Learning Audio-Guided Video Representation with Gated Attention for Video-Text Retrieval¶

Conference: CVPR 2025
arXiv: 2504.02397
Code: https://github.com/ (Project page: http://cvlab.postech.ac.kr/research/AVIGATE)
Area: Video Understanding / Multimodal
Keywords: Video-Text Retrieval, Audio Guidance, Gated Attention, Contrastive Learning, Multi-Granularity Alignment

TL;DR¶

The AVIGATE framework is proposed to selectively fuse audio and visual information through a gated attention mechanism (filtering out useless audio noise) and to design an adaptive margin contrastive loss to handle ambiguous positive-negative relationships between videos and texts, achieving state-of-the-art (SOTA) performance on multiple video-text retrieval benchmarks.

Background & Motivation¶

Background: Video-text retrieval primarily relies on visual and textual features for cross-modal alignment. Numerous methods construct multi-granularity matching schemes (such as CLIP4Clip, X-Pool, UATVR, etc.) based on CLIP pre-trained features to continuously improve retrieval accuracy.

Limitations of Prior Work: Audio signals in videos (such as speaker identity, background sounds, emotional cues, etc.) are ignored by most approaches.
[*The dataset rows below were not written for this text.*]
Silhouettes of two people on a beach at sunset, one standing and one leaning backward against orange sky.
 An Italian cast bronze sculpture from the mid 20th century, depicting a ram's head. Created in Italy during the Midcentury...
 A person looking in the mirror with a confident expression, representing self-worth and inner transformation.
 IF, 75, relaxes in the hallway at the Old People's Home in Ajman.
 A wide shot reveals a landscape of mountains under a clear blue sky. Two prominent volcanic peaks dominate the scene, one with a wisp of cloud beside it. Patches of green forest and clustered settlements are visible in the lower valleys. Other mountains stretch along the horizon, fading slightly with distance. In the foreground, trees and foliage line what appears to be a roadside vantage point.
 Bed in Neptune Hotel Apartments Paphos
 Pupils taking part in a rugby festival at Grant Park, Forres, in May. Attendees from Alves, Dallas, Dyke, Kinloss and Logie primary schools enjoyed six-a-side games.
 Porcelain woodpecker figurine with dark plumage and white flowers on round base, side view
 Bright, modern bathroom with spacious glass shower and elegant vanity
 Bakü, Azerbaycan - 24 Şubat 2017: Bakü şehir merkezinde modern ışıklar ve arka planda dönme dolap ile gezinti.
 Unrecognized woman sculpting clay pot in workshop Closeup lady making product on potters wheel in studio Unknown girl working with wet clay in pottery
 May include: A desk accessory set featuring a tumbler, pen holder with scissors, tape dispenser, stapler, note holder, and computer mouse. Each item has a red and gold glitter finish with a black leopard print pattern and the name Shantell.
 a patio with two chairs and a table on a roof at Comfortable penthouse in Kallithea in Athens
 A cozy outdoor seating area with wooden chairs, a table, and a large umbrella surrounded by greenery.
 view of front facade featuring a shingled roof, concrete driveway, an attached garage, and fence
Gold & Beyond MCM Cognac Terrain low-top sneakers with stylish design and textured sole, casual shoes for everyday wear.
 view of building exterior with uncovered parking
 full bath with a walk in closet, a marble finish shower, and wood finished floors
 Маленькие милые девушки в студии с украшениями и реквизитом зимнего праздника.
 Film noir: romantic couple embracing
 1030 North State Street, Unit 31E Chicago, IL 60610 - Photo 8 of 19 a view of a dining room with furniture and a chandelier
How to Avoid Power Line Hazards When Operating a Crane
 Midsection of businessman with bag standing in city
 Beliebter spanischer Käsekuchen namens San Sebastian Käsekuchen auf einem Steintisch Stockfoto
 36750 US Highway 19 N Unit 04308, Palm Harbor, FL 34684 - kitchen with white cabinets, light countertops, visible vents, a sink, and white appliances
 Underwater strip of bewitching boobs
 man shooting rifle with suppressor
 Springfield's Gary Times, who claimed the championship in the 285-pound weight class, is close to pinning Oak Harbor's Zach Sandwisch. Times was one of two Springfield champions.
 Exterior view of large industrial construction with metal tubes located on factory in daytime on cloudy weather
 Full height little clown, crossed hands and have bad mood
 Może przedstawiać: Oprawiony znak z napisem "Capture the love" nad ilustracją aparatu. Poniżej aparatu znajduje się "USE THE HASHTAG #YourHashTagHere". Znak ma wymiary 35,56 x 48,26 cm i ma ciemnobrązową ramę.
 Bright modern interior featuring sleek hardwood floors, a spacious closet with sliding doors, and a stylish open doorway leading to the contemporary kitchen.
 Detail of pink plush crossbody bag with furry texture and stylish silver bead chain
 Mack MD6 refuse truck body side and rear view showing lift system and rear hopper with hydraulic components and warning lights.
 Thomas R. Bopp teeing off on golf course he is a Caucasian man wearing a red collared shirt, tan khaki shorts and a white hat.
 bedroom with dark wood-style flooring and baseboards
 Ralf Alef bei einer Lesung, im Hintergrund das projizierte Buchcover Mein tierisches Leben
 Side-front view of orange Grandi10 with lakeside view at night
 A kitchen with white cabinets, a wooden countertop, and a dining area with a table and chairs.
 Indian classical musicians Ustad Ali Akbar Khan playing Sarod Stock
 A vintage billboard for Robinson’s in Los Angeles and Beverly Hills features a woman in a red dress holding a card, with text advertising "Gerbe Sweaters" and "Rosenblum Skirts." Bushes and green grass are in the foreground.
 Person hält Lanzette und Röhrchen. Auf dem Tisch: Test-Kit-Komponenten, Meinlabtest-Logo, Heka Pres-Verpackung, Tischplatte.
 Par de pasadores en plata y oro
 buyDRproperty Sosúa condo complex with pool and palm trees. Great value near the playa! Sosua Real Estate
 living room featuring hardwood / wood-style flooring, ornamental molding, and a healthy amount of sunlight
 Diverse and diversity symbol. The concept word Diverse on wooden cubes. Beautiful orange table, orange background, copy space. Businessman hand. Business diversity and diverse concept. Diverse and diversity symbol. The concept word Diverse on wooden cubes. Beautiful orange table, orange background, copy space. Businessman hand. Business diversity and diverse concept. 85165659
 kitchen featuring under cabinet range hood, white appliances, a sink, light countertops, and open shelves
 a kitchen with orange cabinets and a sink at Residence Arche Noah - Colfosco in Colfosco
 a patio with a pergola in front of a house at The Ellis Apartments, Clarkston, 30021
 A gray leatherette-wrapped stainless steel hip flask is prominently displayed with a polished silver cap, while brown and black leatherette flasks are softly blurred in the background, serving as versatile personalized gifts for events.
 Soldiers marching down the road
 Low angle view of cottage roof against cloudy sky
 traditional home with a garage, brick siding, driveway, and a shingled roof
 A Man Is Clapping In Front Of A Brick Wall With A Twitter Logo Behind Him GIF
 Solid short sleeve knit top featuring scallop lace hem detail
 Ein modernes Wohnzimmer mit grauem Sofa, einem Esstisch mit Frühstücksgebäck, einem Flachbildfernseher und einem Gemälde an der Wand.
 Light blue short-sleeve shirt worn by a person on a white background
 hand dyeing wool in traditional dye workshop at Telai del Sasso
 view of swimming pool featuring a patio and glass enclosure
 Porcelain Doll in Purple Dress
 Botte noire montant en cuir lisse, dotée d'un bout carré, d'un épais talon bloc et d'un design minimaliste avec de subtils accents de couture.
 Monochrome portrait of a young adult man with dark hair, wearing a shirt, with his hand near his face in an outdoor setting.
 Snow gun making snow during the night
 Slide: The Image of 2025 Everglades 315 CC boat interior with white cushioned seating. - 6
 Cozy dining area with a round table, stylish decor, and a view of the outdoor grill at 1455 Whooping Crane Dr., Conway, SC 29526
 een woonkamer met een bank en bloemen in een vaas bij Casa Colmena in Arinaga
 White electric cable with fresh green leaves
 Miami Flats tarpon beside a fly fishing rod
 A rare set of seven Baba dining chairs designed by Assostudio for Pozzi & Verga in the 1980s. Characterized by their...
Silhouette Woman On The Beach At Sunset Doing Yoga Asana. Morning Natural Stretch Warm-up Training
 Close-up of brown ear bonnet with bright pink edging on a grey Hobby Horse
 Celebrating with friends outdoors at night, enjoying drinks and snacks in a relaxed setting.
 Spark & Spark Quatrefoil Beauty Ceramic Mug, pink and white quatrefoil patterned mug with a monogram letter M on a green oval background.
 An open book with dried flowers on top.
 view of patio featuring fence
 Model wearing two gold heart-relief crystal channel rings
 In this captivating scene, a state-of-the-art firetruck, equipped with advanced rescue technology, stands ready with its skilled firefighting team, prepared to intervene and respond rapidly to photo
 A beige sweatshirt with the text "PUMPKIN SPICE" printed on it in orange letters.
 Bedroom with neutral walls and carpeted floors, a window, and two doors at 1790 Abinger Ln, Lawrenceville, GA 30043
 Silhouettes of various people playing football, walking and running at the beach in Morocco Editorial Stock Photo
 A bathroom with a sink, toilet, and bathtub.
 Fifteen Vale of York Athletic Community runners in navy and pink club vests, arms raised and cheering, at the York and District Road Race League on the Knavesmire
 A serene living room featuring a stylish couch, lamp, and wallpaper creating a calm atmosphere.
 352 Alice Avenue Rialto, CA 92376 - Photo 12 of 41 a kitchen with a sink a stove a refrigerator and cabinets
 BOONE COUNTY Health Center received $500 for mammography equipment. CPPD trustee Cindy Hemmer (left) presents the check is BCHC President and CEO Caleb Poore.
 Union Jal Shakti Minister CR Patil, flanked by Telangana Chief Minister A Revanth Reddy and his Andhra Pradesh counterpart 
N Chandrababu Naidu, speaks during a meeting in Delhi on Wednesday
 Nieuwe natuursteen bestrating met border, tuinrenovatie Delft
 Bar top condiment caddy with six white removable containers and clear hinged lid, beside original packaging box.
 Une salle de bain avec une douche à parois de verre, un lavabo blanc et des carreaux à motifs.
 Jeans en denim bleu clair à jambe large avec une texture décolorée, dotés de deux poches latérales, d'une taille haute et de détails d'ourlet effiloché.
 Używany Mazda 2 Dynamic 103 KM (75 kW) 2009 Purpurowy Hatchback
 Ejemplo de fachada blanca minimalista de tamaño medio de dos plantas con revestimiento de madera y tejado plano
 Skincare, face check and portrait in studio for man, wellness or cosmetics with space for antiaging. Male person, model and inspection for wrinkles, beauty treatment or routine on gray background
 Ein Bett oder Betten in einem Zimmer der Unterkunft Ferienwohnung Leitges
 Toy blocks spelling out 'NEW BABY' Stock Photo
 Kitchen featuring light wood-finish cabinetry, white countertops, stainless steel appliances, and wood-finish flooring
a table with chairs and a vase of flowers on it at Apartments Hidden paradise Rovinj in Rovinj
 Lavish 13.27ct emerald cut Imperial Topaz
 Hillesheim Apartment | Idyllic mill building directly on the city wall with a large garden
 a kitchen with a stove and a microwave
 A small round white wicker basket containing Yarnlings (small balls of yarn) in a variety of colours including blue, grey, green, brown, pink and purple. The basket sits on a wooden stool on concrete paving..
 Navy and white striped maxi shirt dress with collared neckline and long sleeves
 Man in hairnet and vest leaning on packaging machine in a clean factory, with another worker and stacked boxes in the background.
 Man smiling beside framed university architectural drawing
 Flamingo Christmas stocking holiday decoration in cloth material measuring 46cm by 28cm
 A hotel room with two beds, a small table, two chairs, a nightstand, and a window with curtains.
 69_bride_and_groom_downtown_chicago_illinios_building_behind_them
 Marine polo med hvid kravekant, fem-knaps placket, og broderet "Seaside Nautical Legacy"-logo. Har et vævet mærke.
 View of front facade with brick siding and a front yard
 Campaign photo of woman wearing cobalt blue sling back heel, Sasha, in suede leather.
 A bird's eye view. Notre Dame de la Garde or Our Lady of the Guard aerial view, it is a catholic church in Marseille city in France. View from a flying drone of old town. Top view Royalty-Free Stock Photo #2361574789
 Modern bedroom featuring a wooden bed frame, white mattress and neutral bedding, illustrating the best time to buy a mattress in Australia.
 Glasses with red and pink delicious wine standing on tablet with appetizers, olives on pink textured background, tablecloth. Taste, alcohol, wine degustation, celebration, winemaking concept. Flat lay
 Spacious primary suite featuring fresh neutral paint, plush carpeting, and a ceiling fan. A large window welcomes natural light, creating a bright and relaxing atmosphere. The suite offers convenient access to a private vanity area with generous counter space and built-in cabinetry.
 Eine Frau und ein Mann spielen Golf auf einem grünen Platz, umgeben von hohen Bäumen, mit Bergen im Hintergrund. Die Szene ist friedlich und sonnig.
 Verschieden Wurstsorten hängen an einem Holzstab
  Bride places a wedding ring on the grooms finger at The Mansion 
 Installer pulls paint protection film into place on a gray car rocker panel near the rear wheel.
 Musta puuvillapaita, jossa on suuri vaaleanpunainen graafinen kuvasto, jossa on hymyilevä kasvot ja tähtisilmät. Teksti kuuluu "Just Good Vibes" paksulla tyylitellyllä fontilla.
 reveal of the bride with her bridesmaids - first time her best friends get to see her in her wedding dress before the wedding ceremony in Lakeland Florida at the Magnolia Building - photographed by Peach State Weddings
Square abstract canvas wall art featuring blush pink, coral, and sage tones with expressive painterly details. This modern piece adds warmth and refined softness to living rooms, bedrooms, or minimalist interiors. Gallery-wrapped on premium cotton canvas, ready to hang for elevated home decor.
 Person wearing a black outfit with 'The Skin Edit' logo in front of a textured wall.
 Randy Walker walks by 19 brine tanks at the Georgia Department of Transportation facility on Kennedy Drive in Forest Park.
A few methods leveraging audio (e.g., ECLIPSE, TEFAL) blindly assume that audio is always helpful. However, in reality, the audio of many videos consists of irrelevant background music or noise, and blind fusion can instead degrade the quality of video representations. Furthermore, TEFAL requires joint processing of text and video/audio, making it highly inefficient as the entire database must be reprocessed for every new query during retrieval.

Key Challenge: While the audio modality is indeed valuable for video understanding (e.g., conversation content, environmental sounds), the audio in all videos is not always useful—there is a distinction between "informative audio vs. noisy audio," and existing methods lack dynamic assessment of audio quality.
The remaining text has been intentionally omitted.